_TASK DETAILS:_ Give back the exact lines of the material below from the one containing "Juan Soto 2022" through the one containing "LANVIN Lite Curb Low-Top Sneakers for Women", and no pictures.

====== STORED DATA

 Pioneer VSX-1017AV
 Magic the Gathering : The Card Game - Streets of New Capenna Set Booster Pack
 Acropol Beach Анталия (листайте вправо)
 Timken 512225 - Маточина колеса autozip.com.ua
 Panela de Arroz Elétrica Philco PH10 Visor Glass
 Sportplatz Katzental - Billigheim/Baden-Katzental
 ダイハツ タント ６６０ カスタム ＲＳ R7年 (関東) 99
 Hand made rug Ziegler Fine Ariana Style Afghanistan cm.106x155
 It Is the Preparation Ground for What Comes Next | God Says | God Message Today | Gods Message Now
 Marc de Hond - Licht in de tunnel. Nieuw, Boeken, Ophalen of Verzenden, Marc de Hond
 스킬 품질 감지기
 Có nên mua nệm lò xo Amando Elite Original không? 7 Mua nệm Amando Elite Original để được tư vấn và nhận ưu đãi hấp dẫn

============
====== STORED DATA

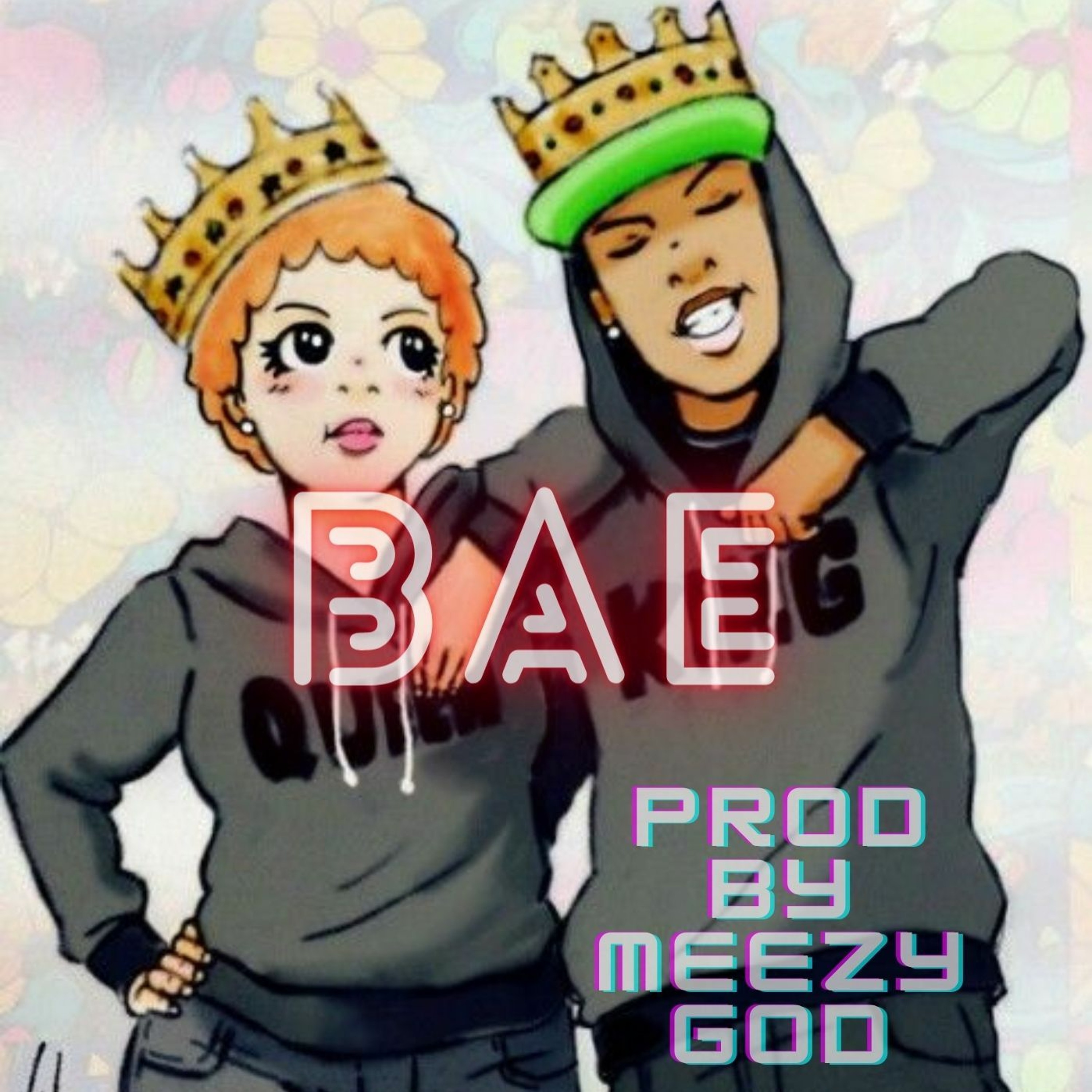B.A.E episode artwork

============
====== STORED DATA

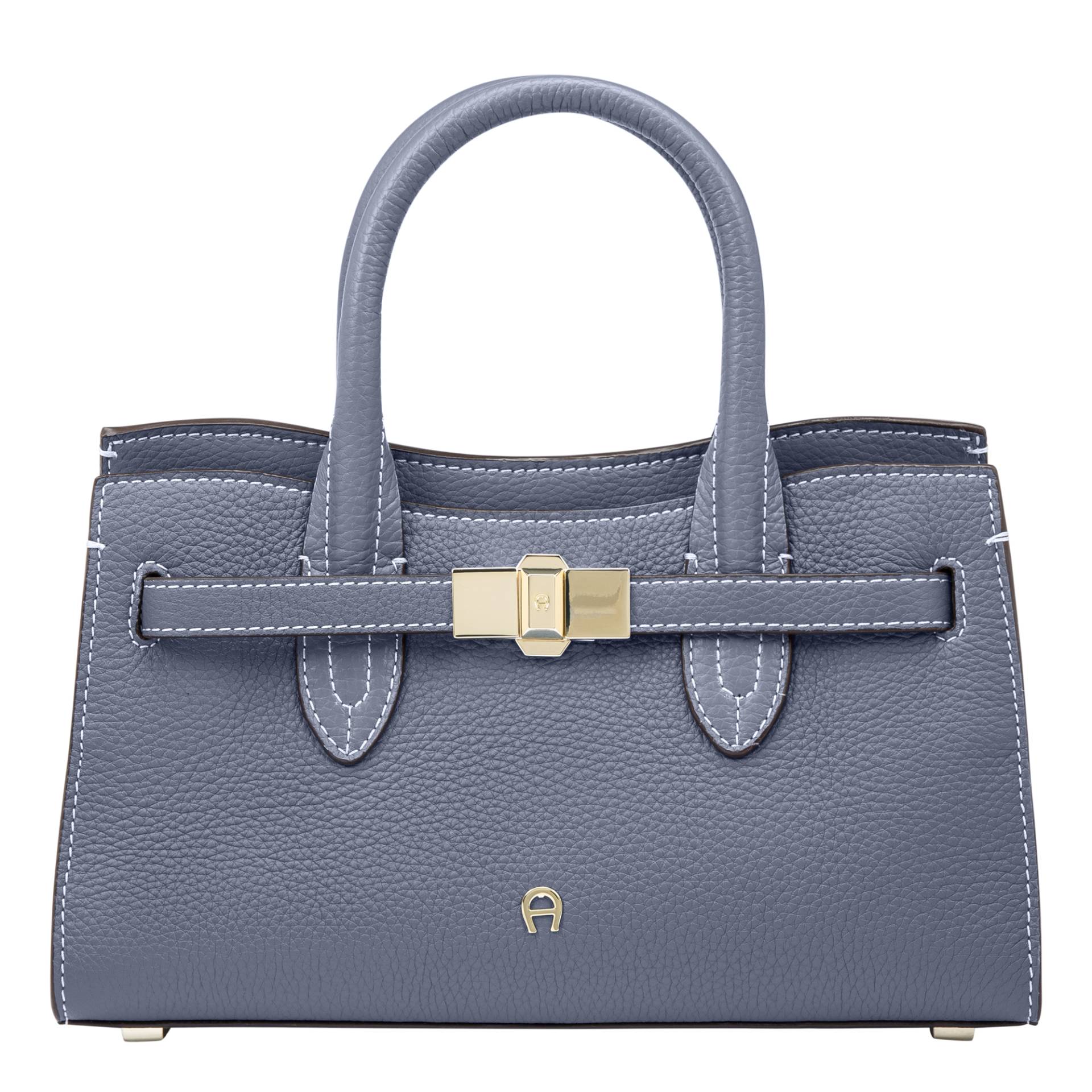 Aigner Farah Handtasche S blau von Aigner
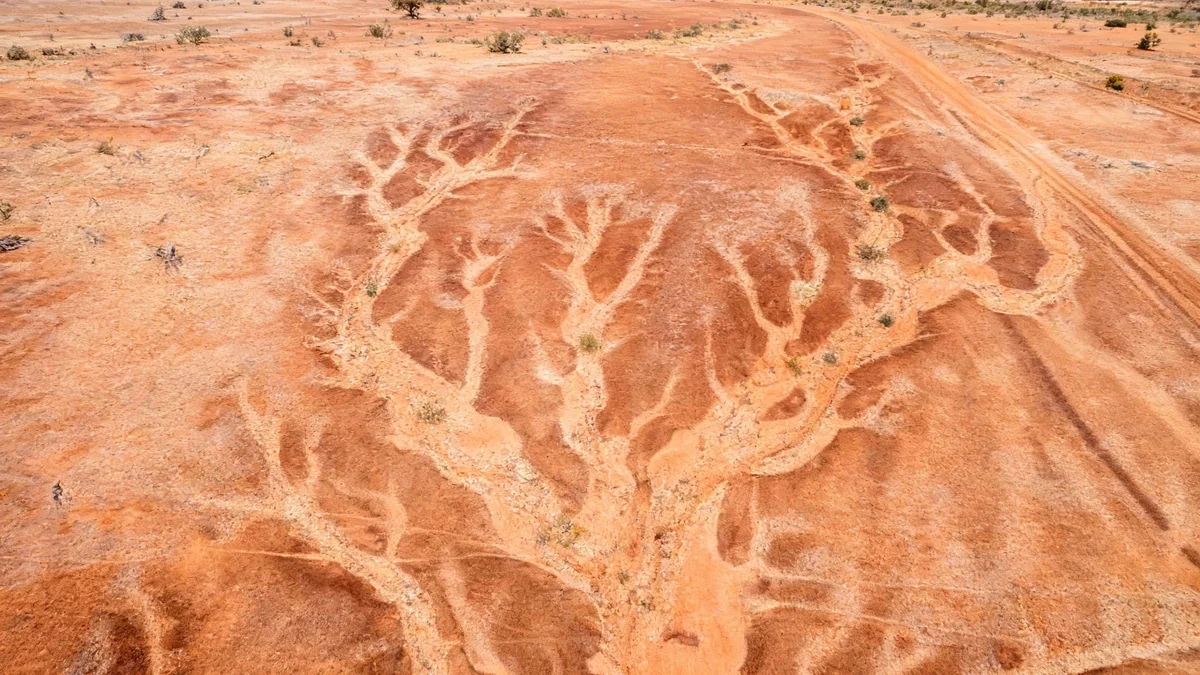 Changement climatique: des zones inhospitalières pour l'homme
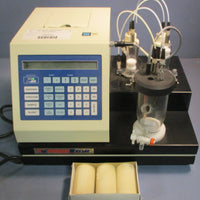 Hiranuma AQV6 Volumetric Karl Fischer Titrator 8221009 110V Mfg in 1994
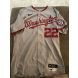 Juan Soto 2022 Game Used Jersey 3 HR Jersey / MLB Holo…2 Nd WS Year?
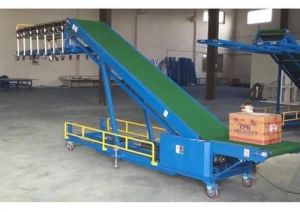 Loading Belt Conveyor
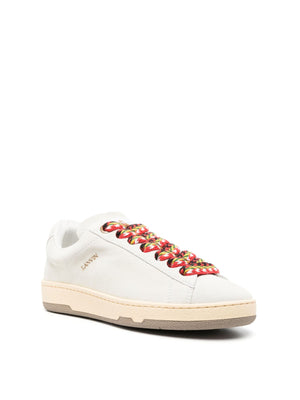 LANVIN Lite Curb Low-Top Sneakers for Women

============

_ANSWER TO THIS TASK:_
 Juan Soto 2022 Game Used Jersey 3 HR Jersey / MLB Holo…2 Nd WS Year?
 Loading Belt Conveyor
 LANVIN Lite Curb Low-Top Sneakers for Women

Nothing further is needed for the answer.